Ministers from three departments have met in the last week to attempt to find a way to tackle the looming crisis in housing for older people
Planning minister Nick Boles told a fringe event at the Conservative party conference in Manchester that he attended a meeting with housing minister Mark Prisk, care and support minister Norman Lamb, and disabled persons minister Esther McVey, which he said was to discuss how to encourage the construction of more homes for older people.
Boles said: “One thing that mystifies me, given that there are few things as predictable as how our demographics are going to change, yet it seems bizarre how little specifically designed housing there is for older people.”
He said was currently telling local authorities to evaluate proposals for housing designed for older people differently to mainstream housing, in order to prevent it being made unviable through excess planning charges.

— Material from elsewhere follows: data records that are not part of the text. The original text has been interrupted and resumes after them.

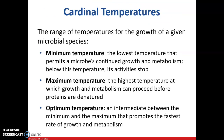Cardinal temperatures — this is the range of temperatures for the growth of a given microbial species. Minimum temperature is the lowest temperature that permits a microbe to grow. Maximum temperature is the highest temperature at which the microbe will grow without being destroyed or having its proteins denatured. Optimum temperature is the happy medium — it promotes the fastest rate of growth and metabolism. You should know these terms and what they mean.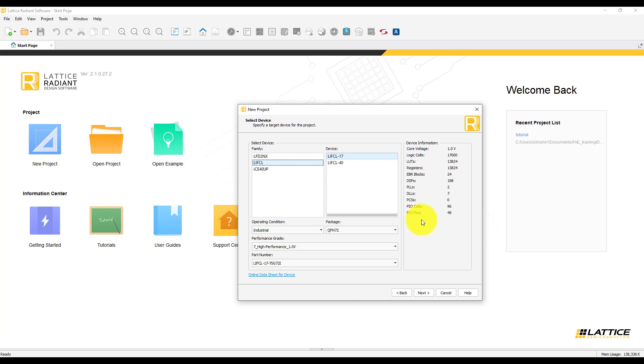This information gives us the number of logic cells that are used in the device, number of LUTs, registers, PBR blocks, PLLs, DLLs, PCS, PIO pins, and PIO cells.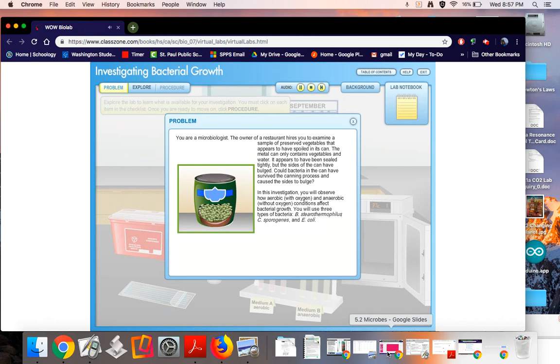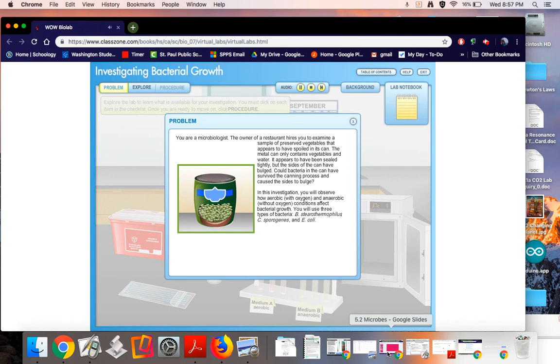In this investigation you will observe how aerobic, with oxygen, and anaerobic, without oxygen, conditions affect bacterial growth. You will use three types of bacteria: B. stearothermophilus, C. sporogenes, and E. coli.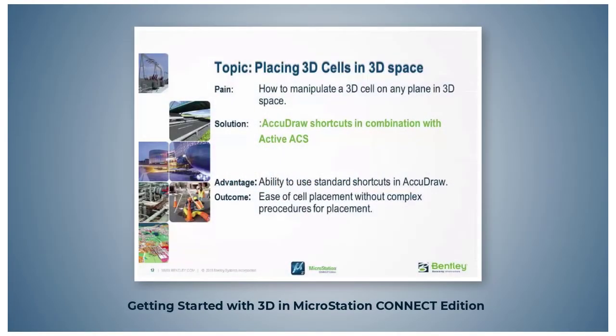Placing 3D cells in 3D space. You are probably familiar with placing 2D cells where you only have to concern yourself with the X and Y axis.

He said that when calculating Community Infrastructure Levy charges councils should not include communal space in the area of the development because it was an extra amenity that mainstream housebuilders did not have to provide.

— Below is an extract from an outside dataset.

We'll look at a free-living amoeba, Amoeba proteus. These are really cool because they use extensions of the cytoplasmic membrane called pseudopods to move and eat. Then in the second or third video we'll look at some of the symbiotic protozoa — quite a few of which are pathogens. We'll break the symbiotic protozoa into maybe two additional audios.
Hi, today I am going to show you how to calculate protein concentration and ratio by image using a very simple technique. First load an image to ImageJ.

He said: “If an older persons housing developer is being charged the same amount of CIL as a housebuilder then they’ll be at a severe disadvantage in the market. “I’m giving a strong indication to local authorities that they need to treat them differently.”

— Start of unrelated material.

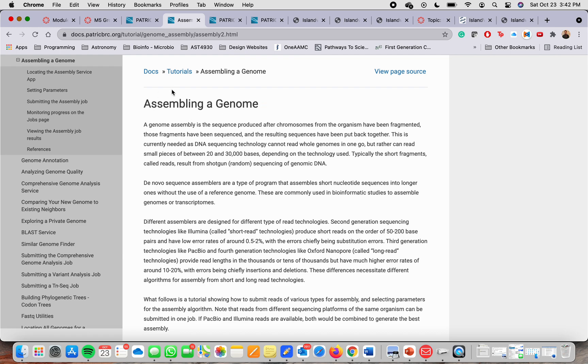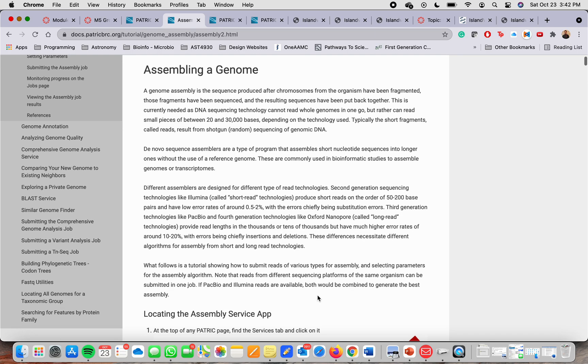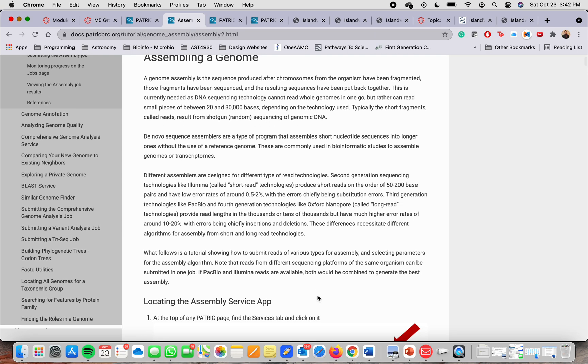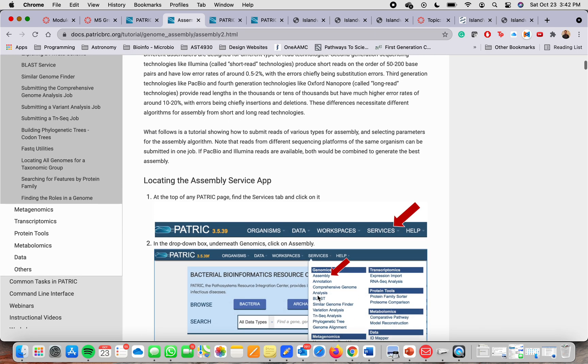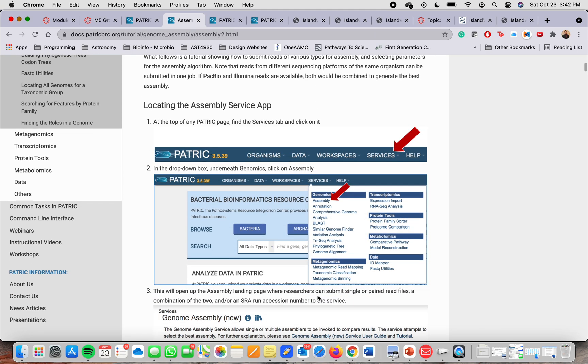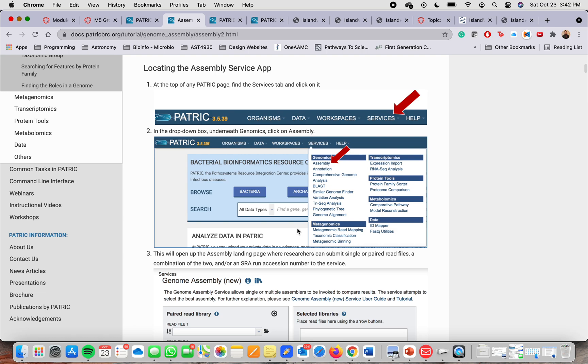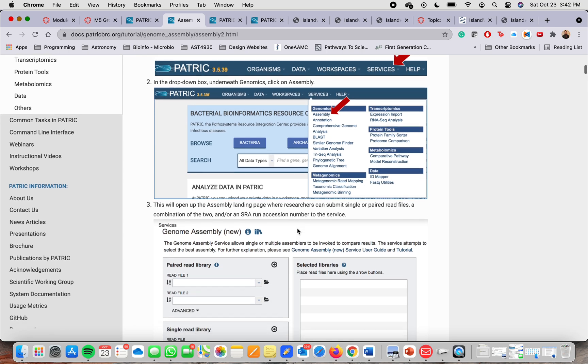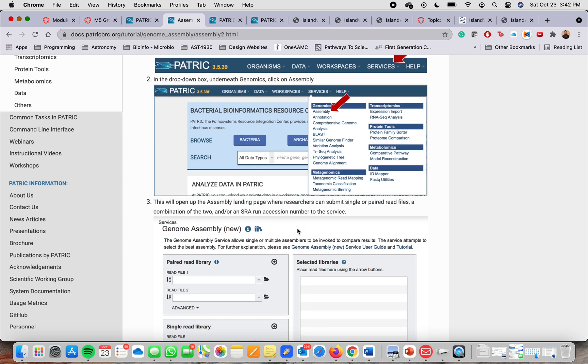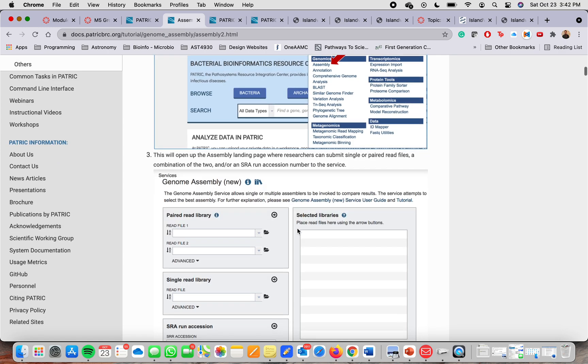For example, this is how to do genome assembly. And it will give you description of that. It will tell you how to locate the assembly service app. And it will walk you step by step how to do it.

Boles also suggested that building housing for older people could be part of a solution to revitalise failing town centres.
In separate fringe session dedicated to the issue, the planning director of Churchill Retirement Living, Andrew Burgess, said he had written to both communities secretary Eric Pickles and housing minister Mark Prisk to request a separate planning use class for retirement homes in order to address the sector’s viability issues.
Speaking at the same event Claudia Wood, deputy director at Demos, said the UK was entering “nothing less than an older persons’ housing crisis.”